AIM OF THE TASK:
Lines from the one with "US$99.00 LOEWE Shoes" through the end of the records, and no others, are what the answer should contain, copied exactly; please keep pictures out.

Image-text web data
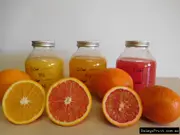 Orange Tree Citrus sinensis - Dwarf, Washington Navel, Lanes Late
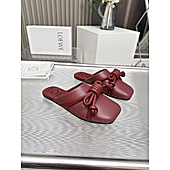 US$99.00 LOEWE Shoes for Women's LOEWE Slippers #773151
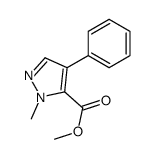 23097-85-0 structure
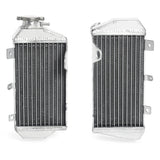 Aluminum Water Cooling Radiators for Honda CRF250RX 2019-2021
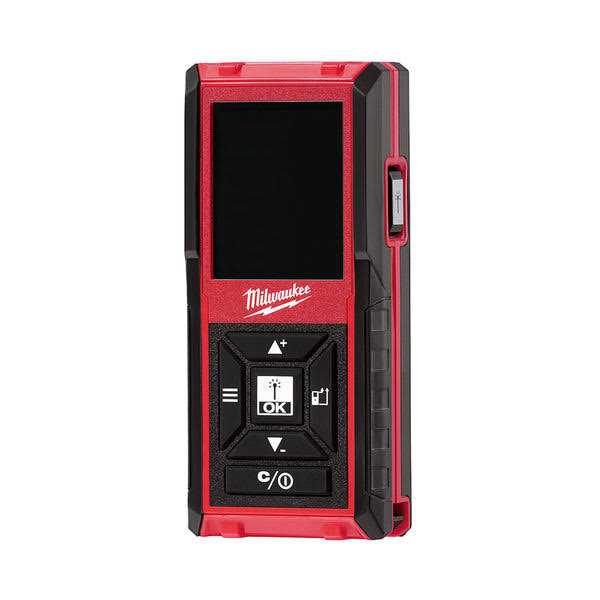 Milwaukee 2213-20 Auto Voltage/Continuity Tester with Resistance - Image 3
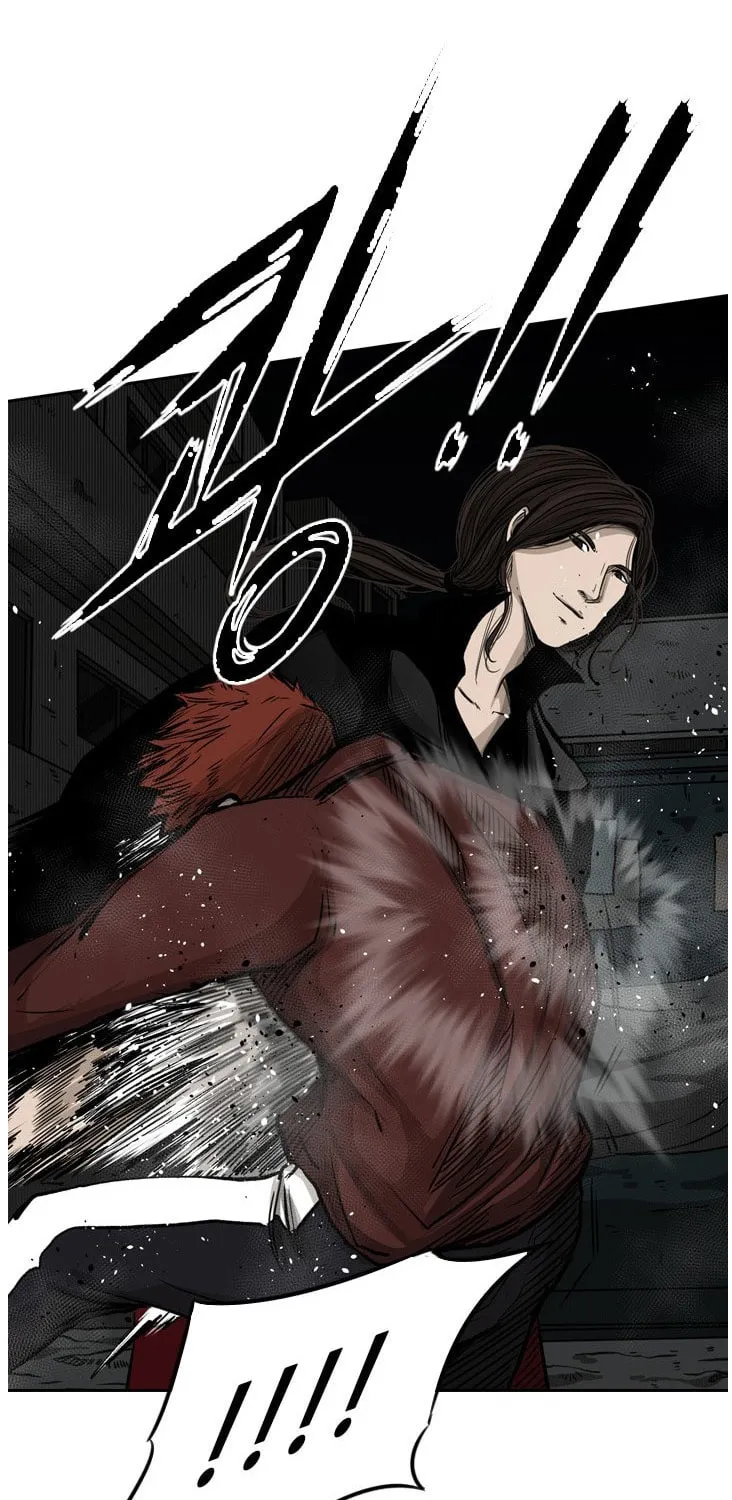 Read Shark chapter 70 image 58 on Lezhin
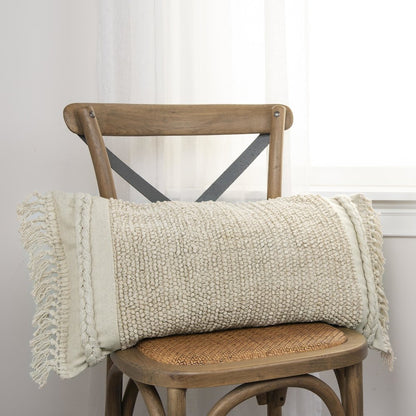 20" x 20" Pillow Cover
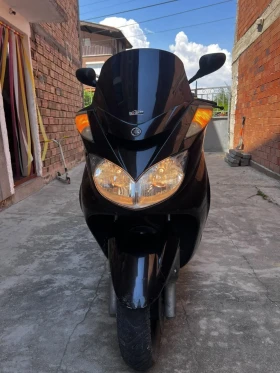 Yamaha Majesty, снимка 1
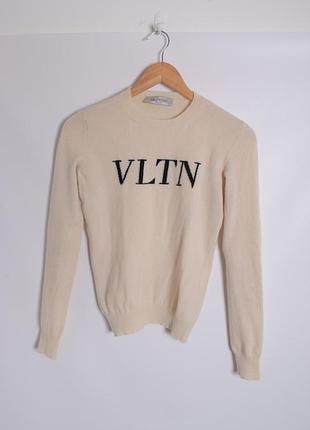 Светр valentino,оригінал 2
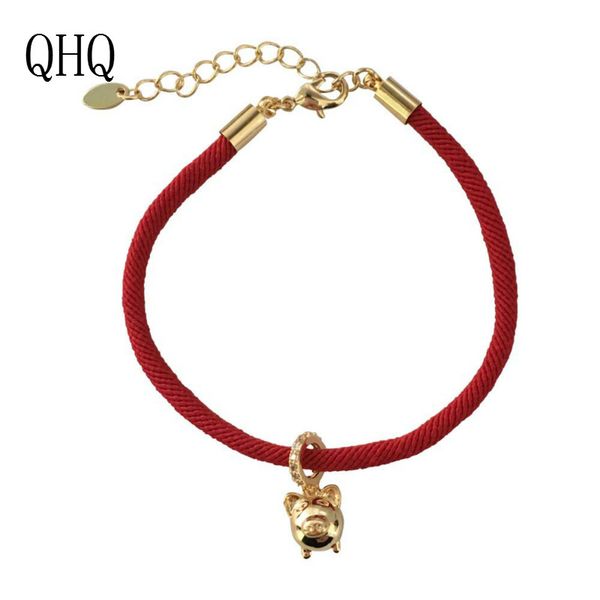 qhq bracelets bangles friendship charms chain personalized girls accessories jewelry female pearl natural stone crystal gifts, Golden;silver
qhq bracelets bangles friendship charms chain personalized girls accessories jewelry female pearl natural stone crystal gifts, Golden;silver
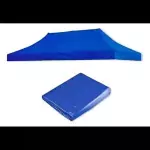 🌟LONA PARA TOLDO 2X3 O 3X2 AZUL🌟
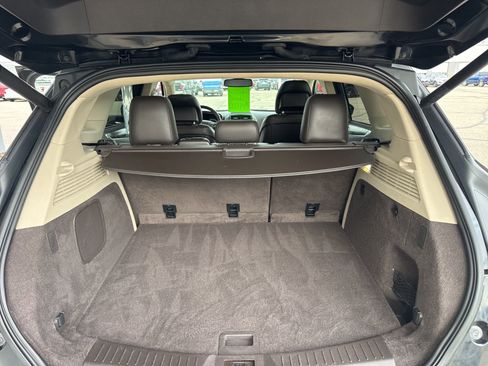 Used 2017 Lincoln MKC Reserve w/ Class II Trailer Tow Package image 35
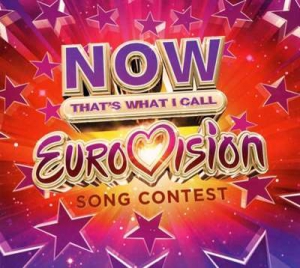  VA - NOW That's What I Call Eurovision Song Contest [RETAIL]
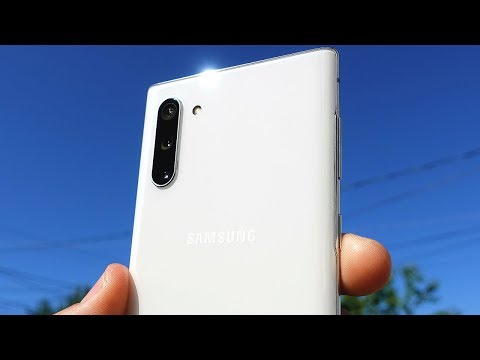 How To Activate BEAST MODE on Galaxy Note 10?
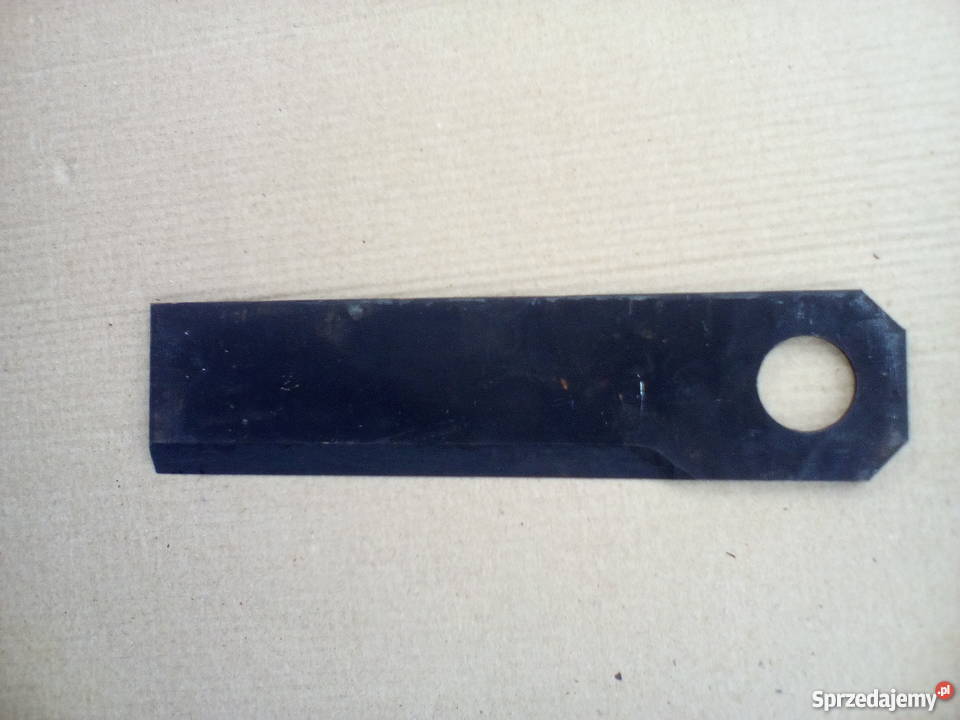 noże przystawki docinacza kukurydzy Przewłoka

RESPONSE BOX:
 US$99.00 LOEWE Shoes for Women's LOEWE Slippers #773151
 23097-85-0 structure
 Aluminum Water Cooling Radiators for Honda CRF250RX 2019-2021
 Milwaukee 2213-20 Auto Voltage/Continuity Tester with Resistance - Image 3
 Read Shark chapter 70 image 58 on Lezhin
 20" x 20" Pillow Cover
 Yamaha Majesty, снимка 1
 Светр valentino,оригінал 2
 qhq bracelets bangles friendship charms chain personalized girls accessories jewelry female pearl natural stone crystal gifts, Golden;silver
qhq bracelets bangles friendship charms chain personalized girls accessories jewelry female pearl natural stone crystal gifts, Golden;silver
 🌟LONA PARA TOLDO 2X3 O 3X2 AZUL🌟
 Used 2017 Lincoln MKC Reserve w/ Class II Trailer Tow Package image 35
  VA - NOW That's What I Call Eurovision Song Contest [RETAIL]
 How To Activate BEAST MODE on Galaxy Note 10?
 noże przystawki docinacza kukurydzy Przewłoka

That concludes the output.